> _What this task involves_: Range to output from the entries below: the line containing "Zavárací pohár Mini Weck 35 ml" through the line containing "Аппиева дорога в Риме, 118". Set it down exactly, ends included, nothing else.

Short descriptive text snippets:
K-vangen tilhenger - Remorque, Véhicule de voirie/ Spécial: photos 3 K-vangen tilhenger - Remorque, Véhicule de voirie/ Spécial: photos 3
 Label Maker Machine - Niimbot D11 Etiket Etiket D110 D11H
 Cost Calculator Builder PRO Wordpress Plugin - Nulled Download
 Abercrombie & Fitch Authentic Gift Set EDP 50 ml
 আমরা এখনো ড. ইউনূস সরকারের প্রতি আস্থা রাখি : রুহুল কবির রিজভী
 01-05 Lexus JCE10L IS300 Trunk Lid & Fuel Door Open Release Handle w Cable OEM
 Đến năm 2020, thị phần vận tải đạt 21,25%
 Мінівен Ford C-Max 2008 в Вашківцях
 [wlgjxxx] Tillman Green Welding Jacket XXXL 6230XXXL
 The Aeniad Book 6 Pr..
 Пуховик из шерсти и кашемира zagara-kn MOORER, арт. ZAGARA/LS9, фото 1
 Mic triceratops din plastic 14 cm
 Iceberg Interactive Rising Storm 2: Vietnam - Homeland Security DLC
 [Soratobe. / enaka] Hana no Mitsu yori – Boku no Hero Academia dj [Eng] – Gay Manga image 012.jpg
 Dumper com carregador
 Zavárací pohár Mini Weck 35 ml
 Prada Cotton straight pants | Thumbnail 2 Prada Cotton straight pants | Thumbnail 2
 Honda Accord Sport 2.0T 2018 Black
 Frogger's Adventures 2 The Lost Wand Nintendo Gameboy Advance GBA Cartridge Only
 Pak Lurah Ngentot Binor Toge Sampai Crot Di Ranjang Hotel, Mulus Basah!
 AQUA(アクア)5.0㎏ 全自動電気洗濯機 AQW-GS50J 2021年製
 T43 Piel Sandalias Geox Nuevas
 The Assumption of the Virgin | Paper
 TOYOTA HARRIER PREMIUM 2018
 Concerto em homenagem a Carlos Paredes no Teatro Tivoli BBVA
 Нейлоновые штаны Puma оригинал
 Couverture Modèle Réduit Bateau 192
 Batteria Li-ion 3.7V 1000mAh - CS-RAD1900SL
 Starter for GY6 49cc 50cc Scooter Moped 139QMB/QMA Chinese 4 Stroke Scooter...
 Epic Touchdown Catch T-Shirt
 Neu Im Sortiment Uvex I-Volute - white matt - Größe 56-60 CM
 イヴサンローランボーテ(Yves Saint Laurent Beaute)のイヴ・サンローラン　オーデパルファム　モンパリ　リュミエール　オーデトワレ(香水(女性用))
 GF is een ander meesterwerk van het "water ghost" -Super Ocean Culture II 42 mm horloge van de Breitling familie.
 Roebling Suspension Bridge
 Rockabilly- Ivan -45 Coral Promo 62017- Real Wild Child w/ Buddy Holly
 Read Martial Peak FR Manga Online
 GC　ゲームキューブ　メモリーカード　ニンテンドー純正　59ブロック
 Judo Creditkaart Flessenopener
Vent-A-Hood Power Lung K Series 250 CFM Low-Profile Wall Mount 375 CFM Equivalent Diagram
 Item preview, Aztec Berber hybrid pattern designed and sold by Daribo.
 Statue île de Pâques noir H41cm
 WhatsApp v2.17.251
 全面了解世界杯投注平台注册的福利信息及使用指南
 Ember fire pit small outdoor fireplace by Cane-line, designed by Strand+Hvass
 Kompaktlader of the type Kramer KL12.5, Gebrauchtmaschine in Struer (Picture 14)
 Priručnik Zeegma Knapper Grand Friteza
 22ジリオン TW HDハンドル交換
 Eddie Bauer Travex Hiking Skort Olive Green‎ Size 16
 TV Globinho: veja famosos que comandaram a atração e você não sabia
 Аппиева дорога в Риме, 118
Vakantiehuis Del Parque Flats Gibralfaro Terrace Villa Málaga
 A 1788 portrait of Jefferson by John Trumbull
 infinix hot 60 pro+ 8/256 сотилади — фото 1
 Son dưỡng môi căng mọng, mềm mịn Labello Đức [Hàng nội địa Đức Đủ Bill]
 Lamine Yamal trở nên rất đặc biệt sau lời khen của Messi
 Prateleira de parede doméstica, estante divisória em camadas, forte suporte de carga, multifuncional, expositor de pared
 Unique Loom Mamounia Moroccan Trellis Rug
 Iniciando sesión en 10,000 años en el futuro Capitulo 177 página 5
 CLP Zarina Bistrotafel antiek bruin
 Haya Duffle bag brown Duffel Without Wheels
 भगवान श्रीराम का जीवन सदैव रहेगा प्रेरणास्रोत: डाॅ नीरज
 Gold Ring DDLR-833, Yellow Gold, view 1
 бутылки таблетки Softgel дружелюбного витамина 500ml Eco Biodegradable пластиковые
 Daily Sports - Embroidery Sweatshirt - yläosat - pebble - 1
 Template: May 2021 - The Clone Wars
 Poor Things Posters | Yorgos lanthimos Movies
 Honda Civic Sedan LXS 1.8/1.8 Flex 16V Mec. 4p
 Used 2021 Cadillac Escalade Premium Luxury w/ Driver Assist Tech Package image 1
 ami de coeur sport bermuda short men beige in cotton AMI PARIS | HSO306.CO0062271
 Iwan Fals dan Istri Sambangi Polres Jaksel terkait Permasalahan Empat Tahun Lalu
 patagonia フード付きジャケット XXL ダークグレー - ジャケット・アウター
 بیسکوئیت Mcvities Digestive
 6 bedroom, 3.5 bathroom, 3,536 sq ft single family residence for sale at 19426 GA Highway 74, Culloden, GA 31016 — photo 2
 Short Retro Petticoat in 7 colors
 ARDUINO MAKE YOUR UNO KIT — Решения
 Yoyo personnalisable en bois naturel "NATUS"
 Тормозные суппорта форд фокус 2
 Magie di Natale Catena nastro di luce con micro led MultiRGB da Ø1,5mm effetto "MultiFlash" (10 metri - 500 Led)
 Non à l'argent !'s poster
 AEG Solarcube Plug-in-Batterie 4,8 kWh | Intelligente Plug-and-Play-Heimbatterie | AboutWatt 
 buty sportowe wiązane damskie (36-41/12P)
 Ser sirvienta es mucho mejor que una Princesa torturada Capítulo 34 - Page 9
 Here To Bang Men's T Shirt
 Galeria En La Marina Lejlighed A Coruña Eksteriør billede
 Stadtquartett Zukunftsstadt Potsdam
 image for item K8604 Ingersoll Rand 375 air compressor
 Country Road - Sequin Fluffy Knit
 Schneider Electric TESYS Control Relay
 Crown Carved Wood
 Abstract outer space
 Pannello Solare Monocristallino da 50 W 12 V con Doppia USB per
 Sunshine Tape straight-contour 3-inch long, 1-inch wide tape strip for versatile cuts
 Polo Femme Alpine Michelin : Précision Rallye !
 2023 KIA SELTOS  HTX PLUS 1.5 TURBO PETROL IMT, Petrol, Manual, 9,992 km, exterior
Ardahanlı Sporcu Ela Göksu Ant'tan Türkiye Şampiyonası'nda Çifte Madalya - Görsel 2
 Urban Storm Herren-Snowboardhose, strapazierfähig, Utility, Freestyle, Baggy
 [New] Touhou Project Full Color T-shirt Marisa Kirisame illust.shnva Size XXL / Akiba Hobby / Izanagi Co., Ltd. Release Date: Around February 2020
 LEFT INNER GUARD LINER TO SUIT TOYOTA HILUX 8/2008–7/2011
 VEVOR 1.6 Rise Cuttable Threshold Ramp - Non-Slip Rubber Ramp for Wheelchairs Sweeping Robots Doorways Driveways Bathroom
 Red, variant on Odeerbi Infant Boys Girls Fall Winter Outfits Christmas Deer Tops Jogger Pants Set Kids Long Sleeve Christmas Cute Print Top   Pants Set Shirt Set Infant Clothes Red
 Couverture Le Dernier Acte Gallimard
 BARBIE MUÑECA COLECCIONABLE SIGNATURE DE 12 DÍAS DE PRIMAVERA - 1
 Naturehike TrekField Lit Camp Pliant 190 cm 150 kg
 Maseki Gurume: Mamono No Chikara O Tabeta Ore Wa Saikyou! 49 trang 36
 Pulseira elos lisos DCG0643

> _Response to this task_:
 Zavárací pohár Mini Weck 35 ml
 Prada Cotton straight pants | Thumbnail 2 Prada Cotton straight pants | Thumbnail 2
 Honda Accord Sport 2.0T 2018 Black
 Frogger's Adventures 2 The Lost Wand Nintendo Gameboy Advance GBA Cartridge Only
 Pak Lurah Ngentot Binor Toge Sampai Crot Di Ranjang Hotel, Mulus Basah!
 AQUA(アクア)5.0㎏ 全自動電気洗濯機 AQW-GS50J 2021年製
 T43 Piel Sandalias Geox Nuevas
 The Assumption of the Virgin | Paper
 TOYOTA HARRIER PREMIUM 2018
 Concerto em homenagem a Carlos Paredes no Teatro Tivoli BBVA
 Нейлоновые штаны Puma оригинал
 Couverture Modèle Réduit Bateau 192
 Batteria Li-ion 3.7V 1000mAh - CS-RAD1900SL
 Starter for GY6 49cc 50cc Scooter Moped 139QMB/QMA Chinese 4 Stroke Scooter...
 Epic Touchdown Catch T-Shirt
 Neu Im Sortiment Uvex I-Volute - white matt - Größe 56-60 CM
 イヴサンローランボーテ(Yves Saint Laurent Beaute)のイヴ・サンローラン　オーデパルファム　モンパリ　リュミエール　オーデトワレ(香水(女性用))
 GF is een ander meesterwerk van het "water ghost" -Super Ocean Culture II 42 mm horloge van de Breitling familie.
 Roebling Suspension Bridge
 Rockabilly- Ivan -45 Coral Promo 62017- Real Wild Child w/ Buddy Holly
 Read Martial Peak FR Manga Online
 GC　ゲームキューブ　メモリーカード　ニンテンドー純正　59ブロック
 Judo Creditkaart Flessenopener
Vent-A-Hood Power Lung K Series 250 CFM Low-Profile Wall Mount 375 CFM Equivalent Diagram
 Item preview, Aztec Berber hybrid pattern designed and sold by Daribo.
 Statue île de Pâques noir H41cm
 WhatsApp v2.17.251
 全面了解世界杯投注平台注册的福利信息及使用指南
 Ember fire pit small outdoor fireplace by Cane-line, designed by Strand+Hvass
 Kompaktlader of the type Kramer KL12.5, Gebrauchtmaschine in Struer (Picture 14)
 Priručnik Zeegma Knapper Grand Friteza
 22ジリオン TW HDハンドル交換
 Eddie Bauer Travex Hiking Skort Olive Green‎ Size 16
 TV Globinho: veja famosos que comandaram a atração e você não sabia
 Аппиева дорога в Риме, 118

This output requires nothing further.